Accelerating e-commerce volumes are pushing retailers, e-commerce fulfillment companies, and others to get orders out the door faster than ever before, and that often means implementing new or enhanced conveyor systems in their DCs to help speed and streamline fulfillment. Today’s fast pace of business is leaving little time for lengthy, complex equipment installations, however, increasing the need for out-of-the-box solutions that can reduce prep time and allow end-users to respond to accelerating volumes quickly.
“What we’re seeing in the market is a need to get systems ramped up very quickly,” explains Tim Kraus, product manager at conveyance and parcel automation solutions company Intralox, which serves customers in a range of industries, including logistics, food, and consumer packaged goods. “There’s a real focus on getting these systems designed, installed, and running live as quickly as possible.”

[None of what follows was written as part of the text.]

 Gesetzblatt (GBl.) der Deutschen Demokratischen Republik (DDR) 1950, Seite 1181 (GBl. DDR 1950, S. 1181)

It’s a tall order, but the conveyor industry is stepping up with products, technologies, and other solutions designed to do just that. Modex 2022, the logistics and material handling industry trade show held in Atlanta this spring, provided the backdrop for companies to showcase some of their newest offerings, which include everything from pre-engineered control systems to faster product delivery platforms—all of which are aimed at providing low-hassle, high-value solutions for tackling those growing e-commerce demands.
Here’s a look at some time-saving solutions companies were touting in Atlanta earlier this year.

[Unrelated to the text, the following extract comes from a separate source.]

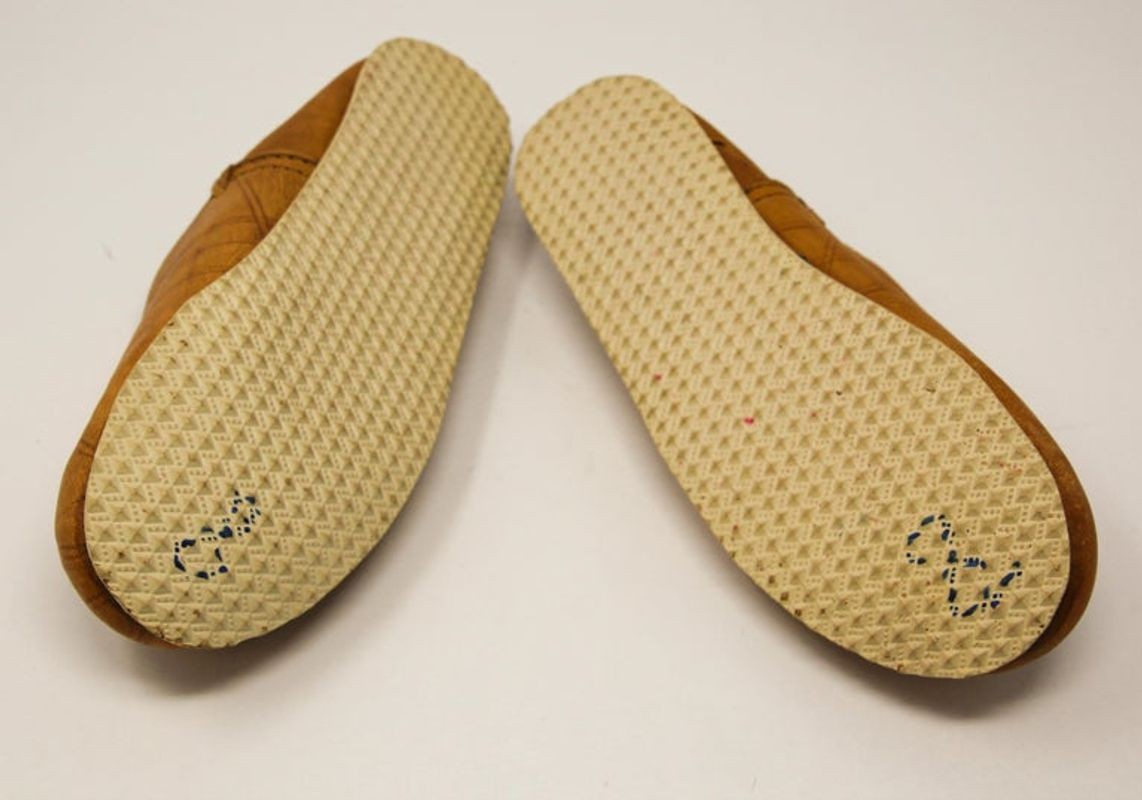 Moroccan Hand Tooled Yellow Leather Slippers Ethnic Shoes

Intralox is offering up its pre-engineered, pre-wired advanced sorter controls (ASC) as one option for meeting accelerating demand in short order. The machine control solution is available with the company’s e-commerce package sorters, which are designed to convey a variety of package types, including polybags, cartons, boxes, and large or irregular-shaped items. The pre-engineered control system eliminates the need for a systems integrator to design and install a complex system from scratch; instead, the integrator can perform a few simple configuration steps—via an interface provided with the ASC—so that the sorter is up and running immediately. The ASC also includes a built-in field bus so integrators can add devices and functionality to a system—without the extra cost, risk, and time traditionally associated with such projects.
The solution not only reduces project development time but also accelerates the go-live schedule for the end-customer, according to Kraus, who says the ASC program represents a growing trend in material handling system design.
“Anything you can do in the factory, before the system ships, to make it more plug-and-play and reduce the need for high-skilled labor is extremely valuable [from a scheduling standpoint]—many companies have focused in that direction,” Kraus explains. “With e-commerce and the need to ramp up facilities really quickly, that trend has just accelerated.”
Kraus says the underlying technology in the company’s ASC is not new; the difference is in providing a ready-to-go packaged solution.
“This provides some real value in terms of startup time and reduced risk for the systems integrator and the end-user,” he explains. “It dramatically reduces engineering [and] installation—and it gets the sorter up and running really quickly.”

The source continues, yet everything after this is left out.